Australia has a second tier patent, referred to as an innovation patent, which is intended to cover lower level inventions. Innovation patents provide the same scope of rights and remedies for infringement as standard patents but have a lower threshold for patentability than standard patents and are therefore more likely to be valid.
The key differences between innovation patents and standard patents are set out below.
An innovative step is usually a much lower standard than an inventive step.
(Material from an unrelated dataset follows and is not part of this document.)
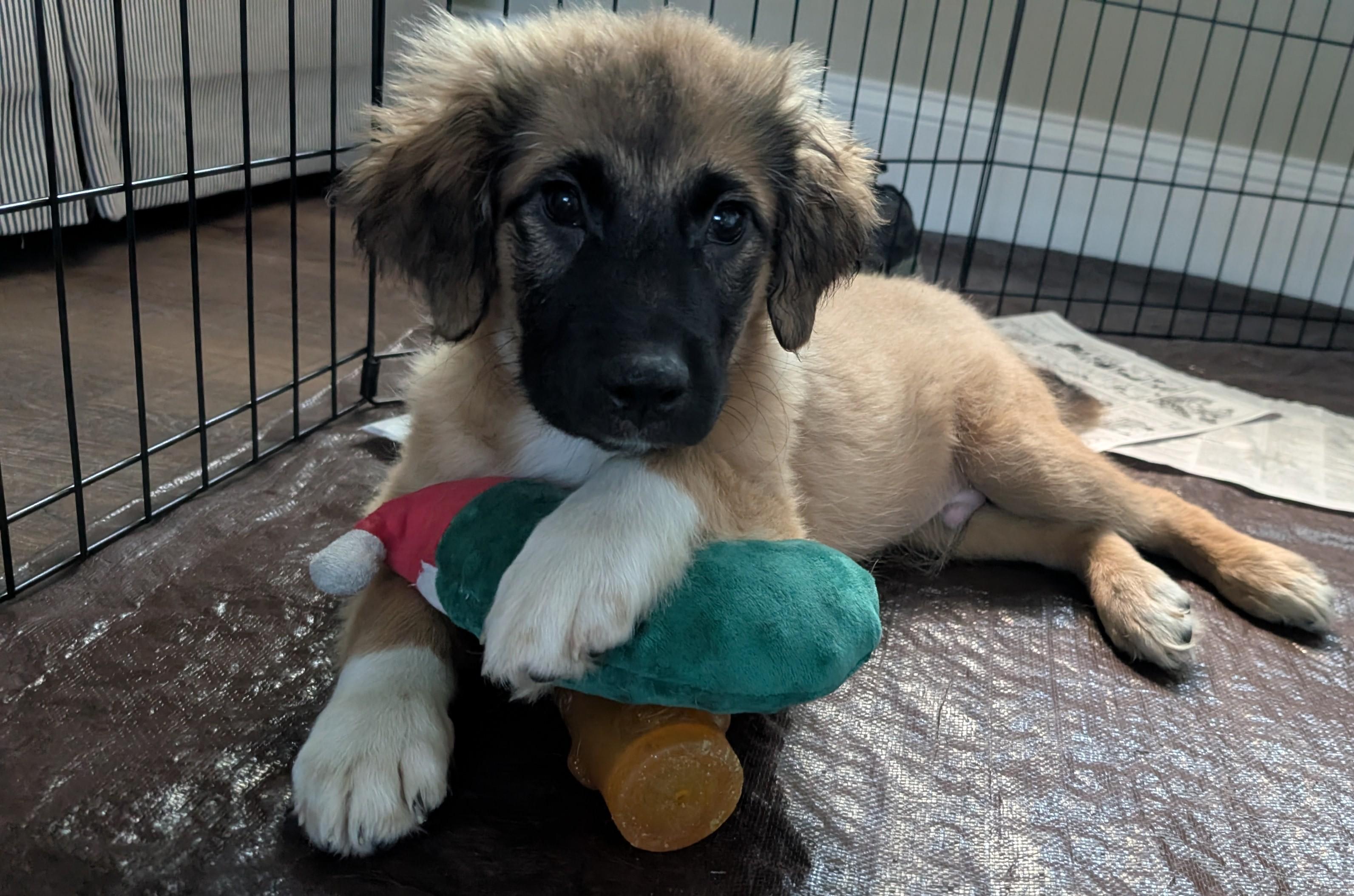 Dog for adoption - Henley, a Retriever &amp; Hound Mix in Minneapolis, MN ...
It requires a variation over the prior art which ‘makes a substantial contribution to the working of the [claimed product or process]’. Recent case law indicates that even obvious combinations of well known features can qualify for protection.
By way of example an innovation patent based on an international patent application will expire eight years after the international filing date.
Innovation patents are granted automatically without examination, typically within weeks after the Australian filing date.
An innovation patent is therefore one of the fastest means by which a client can validly claim that their technology is patented.
Innovation patents are not enforceable until after post-grant examination. Examination can be requested at any time during the life of the innovation patent by the patentee or an interested third party. Examination will require restriction of the patent to a total of 5 claims.
Innovation patents provide a rapid route to enforceable rights. An innovation patent cannot be opposed until it has passed examination and then any opposition must cease if court proceedings are commenced.
In the first instance, an innovation patent can be filed as a convention application, as a divisional application, or as a national phase entry of an international patent application, (by filing the innovation patent as a divisional application of the international patent application before the 31 month deadline).
Innovation patents are becoming popular tools for creating a strong patent position and/or creating substantial uncertainty for the patentee’s competitors.
An increasingly popular strategy involves maintaining a pending standard patent application which is written in broad terms then, if and when a competitor releases a product, an innovation patent application can be filed claiming divisional status from the standard patent application. The coverage of the divisional patent application can be ‘targeted’ on the competitor’s product, meaning that its coverage is narrow, and therefore more likely to be valid, yet still clearly covers the competitor’s product.